+++ Input data
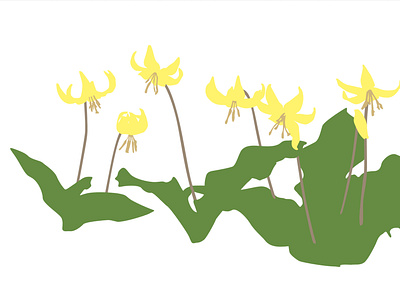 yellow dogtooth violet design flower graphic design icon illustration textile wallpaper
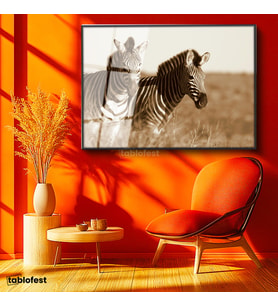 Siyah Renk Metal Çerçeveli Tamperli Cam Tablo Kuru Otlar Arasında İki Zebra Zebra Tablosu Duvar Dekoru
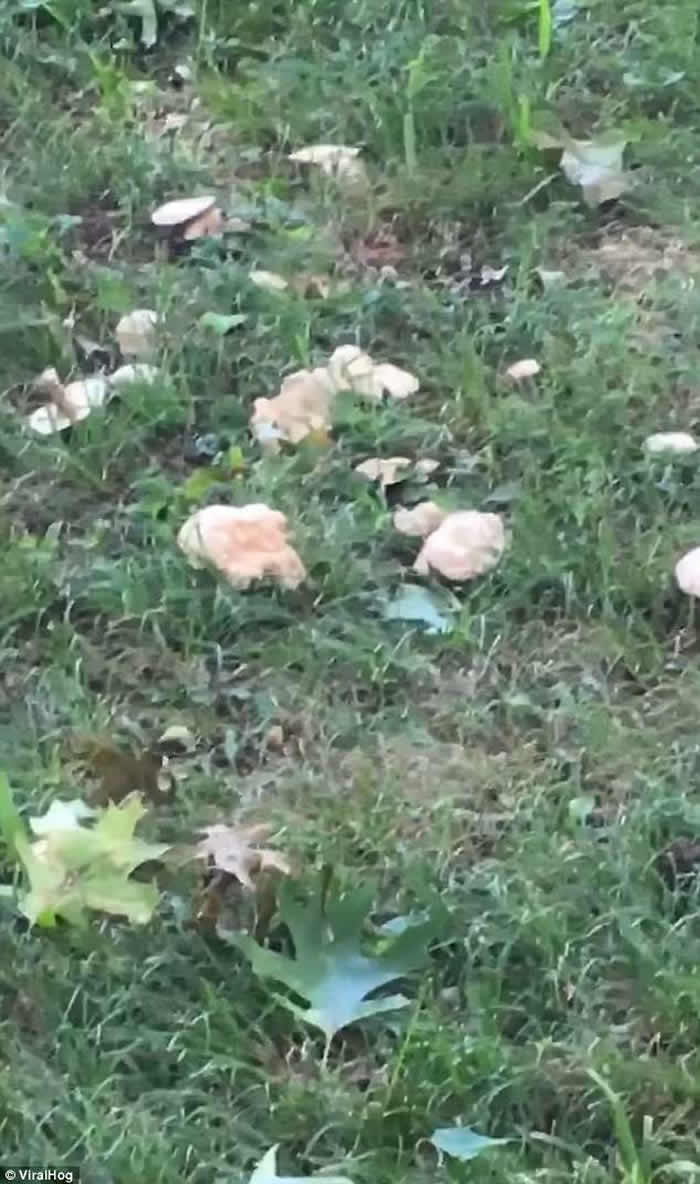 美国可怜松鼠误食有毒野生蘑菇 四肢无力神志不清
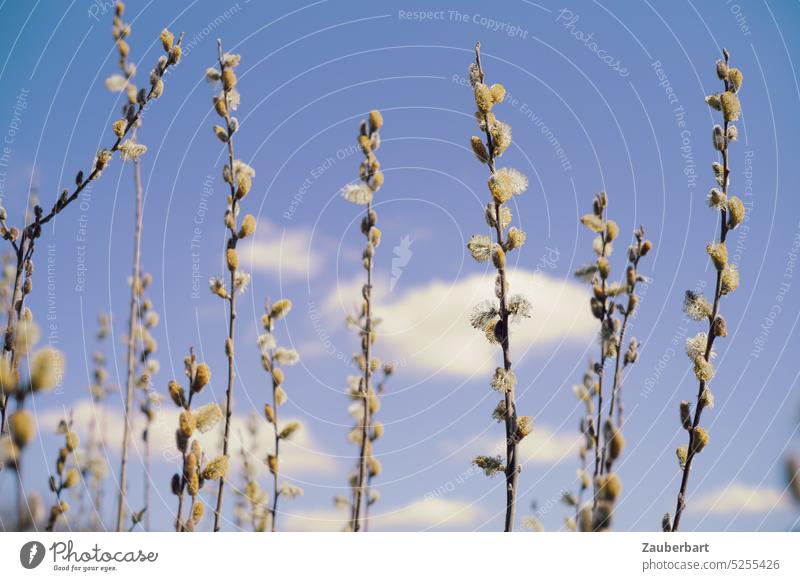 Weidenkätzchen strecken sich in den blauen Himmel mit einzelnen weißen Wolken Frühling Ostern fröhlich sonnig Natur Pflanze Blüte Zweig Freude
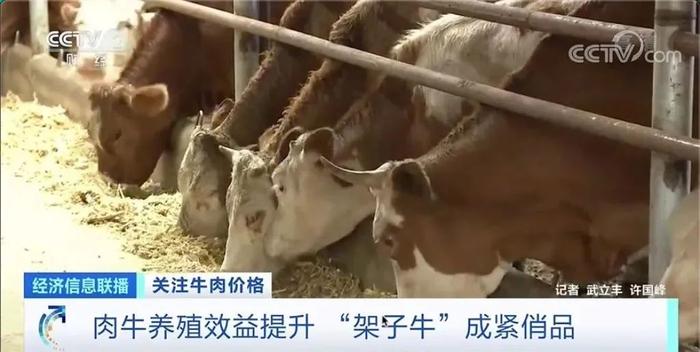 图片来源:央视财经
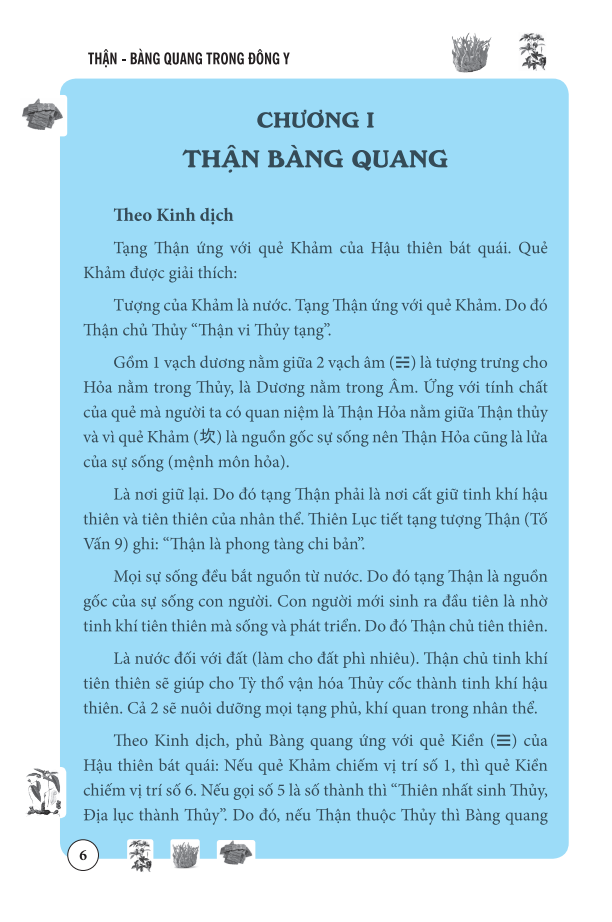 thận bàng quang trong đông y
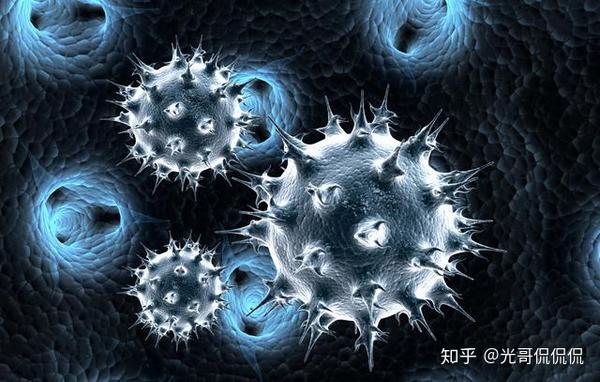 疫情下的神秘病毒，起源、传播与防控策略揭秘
++++++
> _Exercise_: Repeat each line word for word, from the one with "Weidenkätzchen strecken sich" down to the last line of the data, and keep the pictures out of it.

> _Final answer_:
 Weidenkätzchen strecken sich in den blauen Himmel mit einzelnen weißen Wolken Frühling Ostern fröhlich sonnig Natur Pflanze Blüte Zweig Freude
 图片来源:央视财经
 thận bàng quang trong đông y
 疫情下的神秘病毒，起源、传播与防控策略揭秘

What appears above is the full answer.